Are you trying to compare credit cards? The first thing you will look at in determining how good (or bad) a deal you are being offered is the interest rate. Interest rates are expressed as annual percentage rates for comparison purposes, and are either fixed or variable. The annual percentage rate (APR) is the interest rate on any balance you carry, and is a standardized, tightly regulated way of comparing annual interests, so you can make apples-to-apples comparisons of interest rates. This rate is applied every month you carry a balance forward to the entire balance, with the exclusion of any purchases that are still within their “grace” period.
Interest rates are offered as either fixed or variable. A fixed interest rate is the easiest to understand, and the most predictable. A fixed interest rate means you will get the same interest rate all year. Introductory rates are typically fixed, but expire after a period of time, whereas fixed rates do not.
A variable interest rate credit card is a credit card where the interest rate is pegged to some economic indicator that changes as the economy at large fluctuates. For example, a variable APR can be pegged to the prime interest rate, the rate at which banks loan to their best customers. The prime rate is pegged at 3 points above the interest rate the Federal Reserve sets. It is usually expressed as the prime interest rate plus a certain additional percentage of APR. Lower is obviously better.
A fixed rate credit card at first may seem to be a better deal, but this isn’t necessarily the case. For example, if the fixed card has a relatively high fixed rate, and the Federal Reserve cuts its lending rates repeatedly, then a low interest variable APR credit card will outperform the fixed APR credit card. When you are comparing interest rates in choosing a credit card offer, you should take these things into account. If you are not yet good at using spreadsheet programs like Microsoft Excel, you may want to learn. Although the arithmetic involved in comparing these interest rates is simple, it isn’t something you’re going to be likely to be able to calculate in your head.

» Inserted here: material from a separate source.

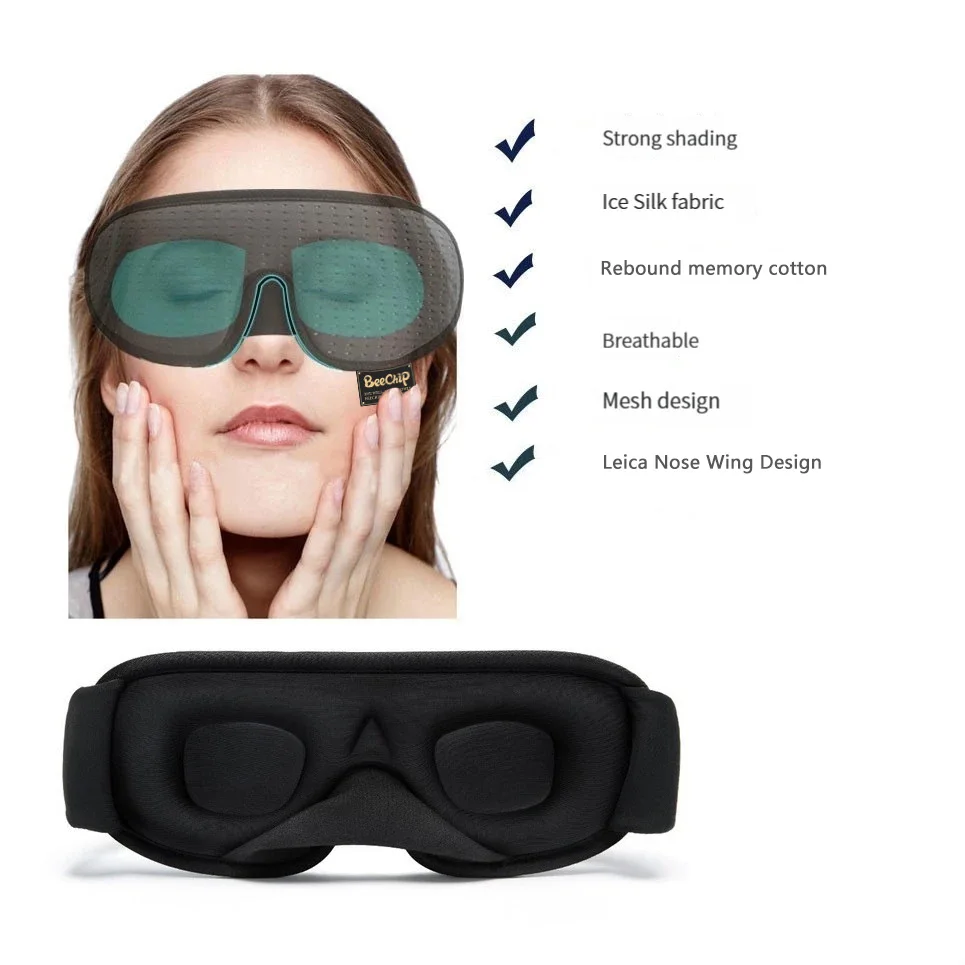 3D Eye Mask Green Breathable Shading Sleeping Hot Sales Eye Mask Adjustable Strap Sleep Mask Padded Travel Rest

Using a credit card is almost too easy, but applying for a credit card and getting a favorable APR isn’t necessarily easy. You have to read the fine print and do the arithmetic if you want to get the best possible deal. Also, you may want to compare several different credit card offers in order to find the best price you can get. Although the application process has been simplified as credit card companies have used the Internet to make the application process more convenient, you still need to be aware of what information you need to give them and why you need to give it in order to complete a credit card application. Any inaccuracies in the information you give to the credit card company could delay the approval process or even lead to a denial of your application.